Sie rief Stadtrat Günter Bächle an, der seit Monaten auf der Suche nach einem solchen Foto mit der ersten Tankstelle von Lienzingen war, nachdem er die Geschichte der Zapfsäulen in dem Dorf recherchiert und für seinen Blog aufgearbeitet hatte.
"Eine große Rarität", freuten sich er und Stadtarchivarin Marlis Lippik, die das kostbare Stück Ortsgeschichte ihrem Bildfundus hinzugefügt hat.
Abbrucharbeiten müssen eingestellt werden
Albert Schnabel betrieb von 1927 bis 1929 in dem um 1900 errichteten Haus die Poststelle und den Gemischtwarenhandel. Er war es, der 1928 vor dem Gebäude die erste Tankstelle in Lienzingen errichtet hatte. Als Schnabel 1929 verkaufte, übernahm die Familie Common den Laden und die Postagentur, zuerst Gottlob Common und dann bis zu ihrem Tod 1966 Frida Stickel, geborene Common.
Die Mitte voriger Woche begonnenen Abbrucharbeiten mussten auf Anordnung des amtlichen Denkmalschutzes eingestellt werden, weil die Genehmigung durchs Regierungspräsidium fehlte, so Günter Bächle in einer Mitteilung der CDU-Gemeinderatsfraktion.

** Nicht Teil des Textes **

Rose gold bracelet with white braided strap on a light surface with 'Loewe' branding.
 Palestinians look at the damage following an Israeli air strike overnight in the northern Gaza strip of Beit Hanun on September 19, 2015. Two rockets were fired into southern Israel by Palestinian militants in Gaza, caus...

Das Regierungspräsidium Karlsruhe informierte: Da das Gebäude im Geltungsbereich der Gesamtanlage "Etterdorf Lienzingen" liege, bedürften Veränderungen der Genehmigung durch die untere Denkmalschutzbehörde bei der Stadt Mühlacker. Bei diesem Verfahren sei dann das Landesamt für Denkmalpflege im Regierungspräsidium (RP) Stuttgart zu beteiligen. Worauf Bächle im Rathaus nachfragte, ob das so beschriebene Verfahren abgeschlossen sei.
Grundstück soll wieder bebaut werden
Ergebnis: Die Antragstellung der Stadt beim RP erfolgte am 24. Januar, die Abbrucharbeiten begannen schon zwei Arbeitstage zuvor. Der zu späte Antrag beruhe, ist der Stadtrat überzeugt, möglicherweise auf Unkenntnis. Nun müssten die Abbrucharbeiten für einige Tage ruhen. Das Landesamt für Denkmalschutz habe signalisiert, dass gegen den Abbruch keine Bedenken bestehen.
Eine Auflage soll dafür sorgen, dass das Grundstück innerhalb der nächsten drei Jahre wieder bebaut wird – in Absprache mit dem Denkmalamt. Bächle erinnert daran, dass es Überlegungen gegeben habe, die historische Fassade zu erhalten, die aber nicht weiter verfolgt wurden.
Diese Vorgeschichte darzustellen sei wichtig, da in Lienzingen jetzt kritisch gefragt werde, ob die Stadt leichter abreißen könne als Private, so Bächle. Deshalb sei es gut, dass das Landesdenkmalamt nun seine Hand drauf habe.